For those that are interested in what will happen next in the story _The Lion,_ The E-book is now available for pre-order. Dudes and dudets, I am so excited. Below is a summary.

But for kicks the rest of the Hammer contains the short stories:



> The Oberwald Ripper - There is a killer in Oberwald, and Felix Jaeger is the prime suspect. Can Gotrek Gurnisson get to the bottom of the mystery and save his companion from the hangman’s rope?
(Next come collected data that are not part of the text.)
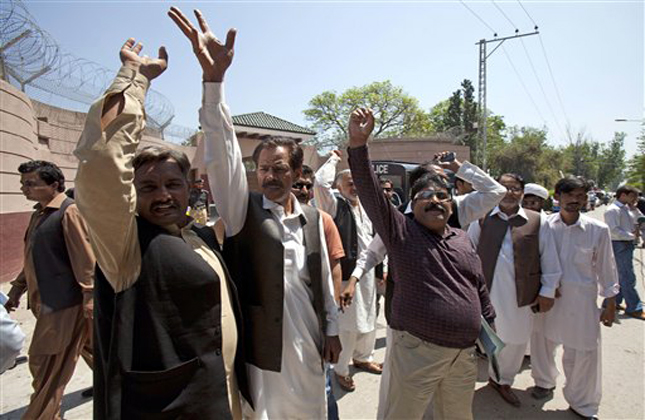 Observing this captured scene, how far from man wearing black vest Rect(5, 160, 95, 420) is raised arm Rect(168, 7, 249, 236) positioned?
1.60 m

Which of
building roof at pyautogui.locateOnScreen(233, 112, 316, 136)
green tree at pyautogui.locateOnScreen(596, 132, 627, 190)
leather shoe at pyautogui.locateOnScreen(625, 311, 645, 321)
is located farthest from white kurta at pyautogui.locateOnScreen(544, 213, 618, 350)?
green tree at pyautogui.locateOnScreen(596, 132, 627, 190)

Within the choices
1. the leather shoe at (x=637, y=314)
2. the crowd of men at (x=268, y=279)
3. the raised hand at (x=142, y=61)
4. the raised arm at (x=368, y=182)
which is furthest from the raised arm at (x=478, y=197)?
the leather shoe at (x=637, y=314)

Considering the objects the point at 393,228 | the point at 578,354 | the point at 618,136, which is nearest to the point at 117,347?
the point at 393,228

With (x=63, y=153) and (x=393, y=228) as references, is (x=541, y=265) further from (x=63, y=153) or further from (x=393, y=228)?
(x=63, y=153)

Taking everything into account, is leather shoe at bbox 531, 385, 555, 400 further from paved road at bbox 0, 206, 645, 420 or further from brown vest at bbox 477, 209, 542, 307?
brown vest at bbox 477, 209, 542, 307

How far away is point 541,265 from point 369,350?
6.09ft

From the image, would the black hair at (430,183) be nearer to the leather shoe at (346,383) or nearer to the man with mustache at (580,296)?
the man with mustache at (580,296)

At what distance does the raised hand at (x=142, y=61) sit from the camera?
4.70 ft

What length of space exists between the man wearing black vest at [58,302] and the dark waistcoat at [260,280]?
5.08 feet

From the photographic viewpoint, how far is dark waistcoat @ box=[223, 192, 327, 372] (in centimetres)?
175

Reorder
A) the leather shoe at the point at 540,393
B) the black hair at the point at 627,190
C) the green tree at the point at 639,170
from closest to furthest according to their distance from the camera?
the leather shoe at the point at 540,393
the black hair at the point at 627,190
the green tree at the point at 639,170

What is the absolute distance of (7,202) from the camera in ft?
23.3

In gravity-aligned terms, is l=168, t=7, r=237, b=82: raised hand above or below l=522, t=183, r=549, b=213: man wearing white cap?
above

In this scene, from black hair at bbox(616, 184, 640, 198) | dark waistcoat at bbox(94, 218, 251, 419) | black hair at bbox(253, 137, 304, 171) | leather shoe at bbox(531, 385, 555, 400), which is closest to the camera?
dark waistcoat at bbox(94, 218, 251, 419)
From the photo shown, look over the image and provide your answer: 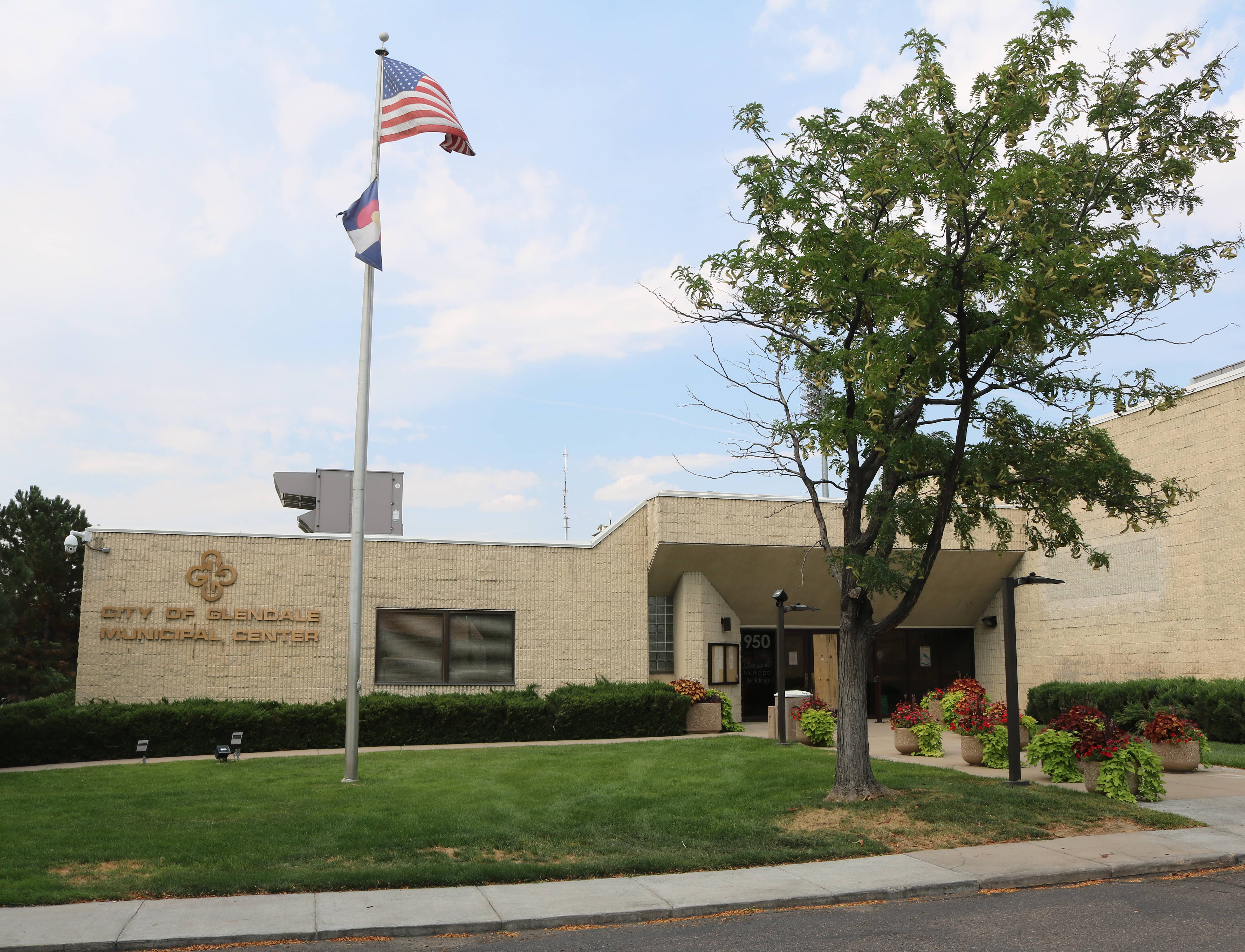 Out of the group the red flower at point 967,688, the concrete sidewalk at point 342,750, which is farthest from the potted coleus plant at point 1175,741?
the concrete sidewalk at point 342,750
The Black Library debut of Laurie Goulding.
> *The Lion*: Part II - Lion’El Jonson and his Dark Angels battle daemons of Chaos aboard their flagship in the second part of a Horus Heresy novella by Gav Thorpe.
> Gilead's Curse: Chapter V - Captured and tortured by the terrible skaven Rat King, Gilead plans makes a daring escape attempt in the latest chapter of this serialised novel from Nik Vincent and Dan Abnett.
> Slayer of the Storm God - Returning to Marienburg to claim an ancient treasure, Gotrek and Felix face pirates, mutants and their greatest foe yet – a mighty avatar of the storm god, Stromfels – in this tale from the pen of
> Nathan Long.



Here is the link for those that are interested: *Hammer and Bolter Issue 18*


----------



## Chaosveteran (Aug 29, 2010)

Is this the "lion" story that will be in the next HH book The Primarchs?


----------



## Child-of-the-Emperor (Feb 22, 2009)

Chaosveteran said:


> Is this the "lion" story that will be in the next HH book The Primarchs?


Yes. Its being released over the course of three issues of _Hammer & Bolter_.


----------



## Bane_of_Kings (Oct 28, 2009)

Chaosveteran said:


> Is this the "lion" story that will be in the next HH book The Primarchs?


Yes.

EDIT: Damn, ninja'd by CotE.


----------